Vice-Admiralty Courts. 

As England first, and Great Britain afterwards, acquired 
colonies and possessions beyond seas, vice-admiralty courts 
were established.  The earliest known was that in Jamaica, 
established in the year 1662.  Some vice- admiralty courts 
which were created for prize purposes in the last century were 
suffered to expire after 1815.  In the year 1863, when the 
act regulating the vice-admiralty courts was passed, there 
were vice-admiralty courts at Antigua, Bahamas, Barbadoes, 
Bermuda, British Columbia, British Guiana, British Honduras, 
Cape of Good Hope, Ceylon, Dominica, Falkland Islands, 
Gambia River, Gibraltar, Gold Coast, Grenada, Hong Kong, 
Jamaica, Labuan, Lagos, Lower Canada (otherwise Quebec), 
Malta, Mauritius, Montserrat, Natal, Nevis, New Brunswick, 
Newfoundland, New South Wales, New Zealand, Nova Scotia 
(otherwise Halifax), Prince Edward Island, Queensland, St 
Christopher, St Helena, St Lucia, St Vincent, Sierra Leone, 
South Australia, Tasmania, Tobago, Trinidad, Vancouver's 
Island, Victoria, Virgin Islands (otherwise Tortola), and 
Western Australia, and (for matters of the slave trade only) 
Aden.  By the act of 1867 one for the Straits Settlements was 
added.  These courts have been regulated from time to time 
by the following statutes: 2 and 3 Will.  IV. c. 51, 26 and 
27 Vict. c. 24 (Vice-Admiralty Courts Act 1863), already 
cited, and 30 and 31 Vict. c. 45 (Vice-Admiralty Courts 
Act Amendment Act 1867); and by the slave trade acts, of 
which the last and consolidating act was that of 1873. 

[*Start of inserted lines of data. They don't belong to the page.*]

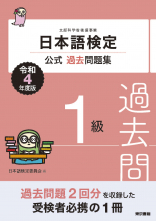 日本語検定公式過去問題集　1級　令和4年度版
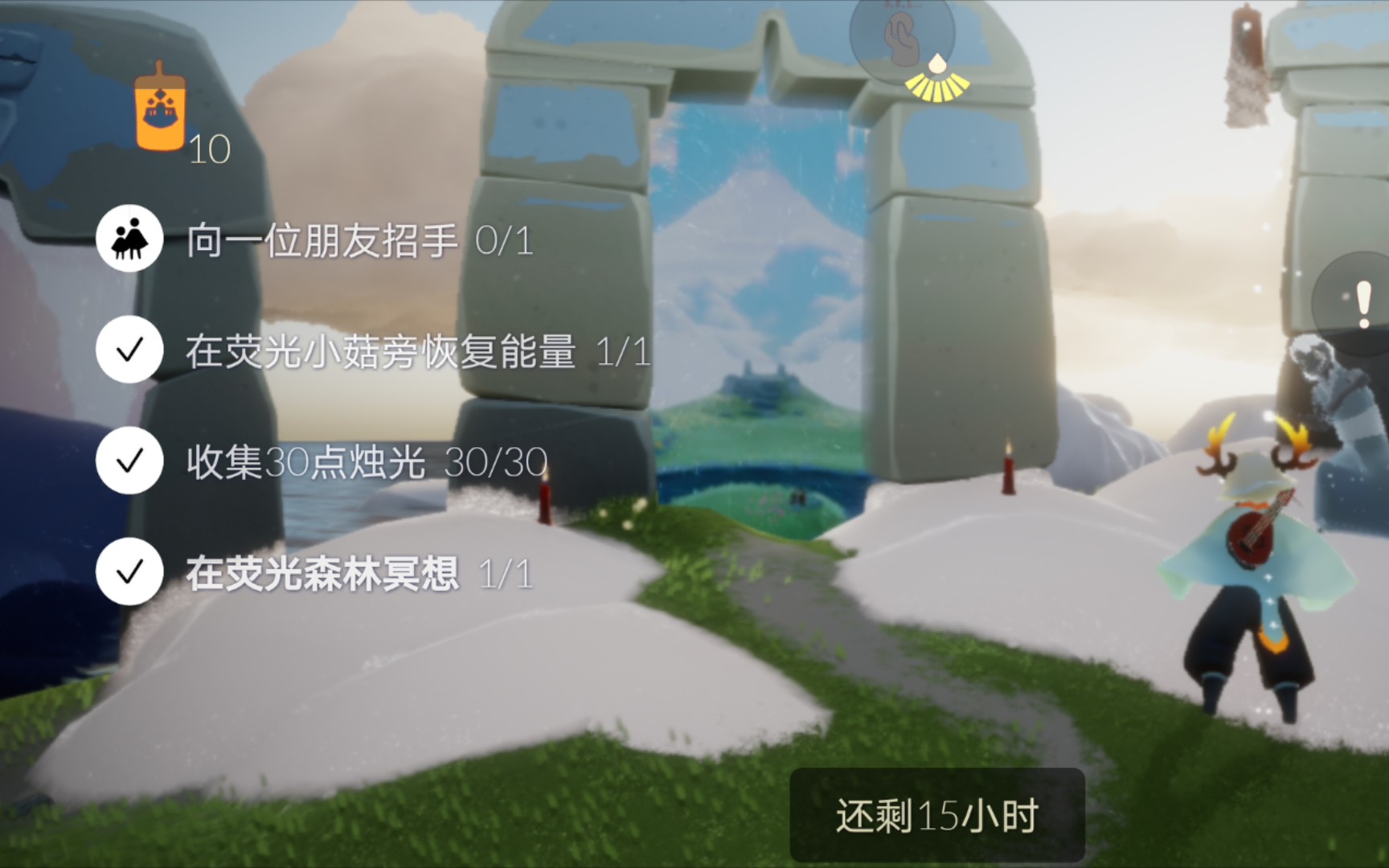 光遇今日任务荧光小菇在哪里_光遇每日任务在荧光小菇旁恢复能量  第2张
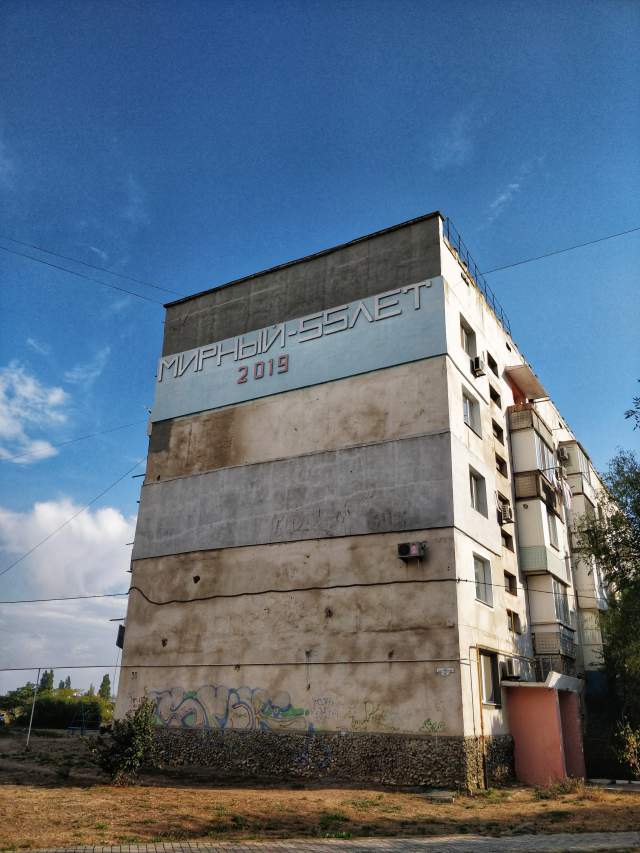 Фото 1 Фото 1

In 1890 the Colonial Courts of Admiralty Act provided that, 
except in the colonies of New South Wales, Victoria, St 
Helena and British Honduras, vice-admiralty courts should be 
abolished, and a substitution made of colonial courts of 
admiralty.  There is power, however, reserved to the crown 
to erect through the admiralty in any British possession any 
vice-admiralty court, except in India or any British possession 
having a representative legislature.  No vice-admiralty 
court so established can exercise any jurisdiction except 
for some purpose relating to prize, the royal navy, the slave 
trade, foreign enlistment, Pacific Islanders' protection, and 
questions relating to treaties or conventions on international 
law.  Vice-admiralty courts exercised all usual admiralty 
jurisdiction, and in addition a certain revenue jurisdiction, 
and jurisdiction over matters of slave trade and prize and 
under the Pacific Islanders' Protection Act. The appeal from 
vice-admiralty courts used to lie to the High Court of Admiralty 
of England, but has been transferred to the king in council. 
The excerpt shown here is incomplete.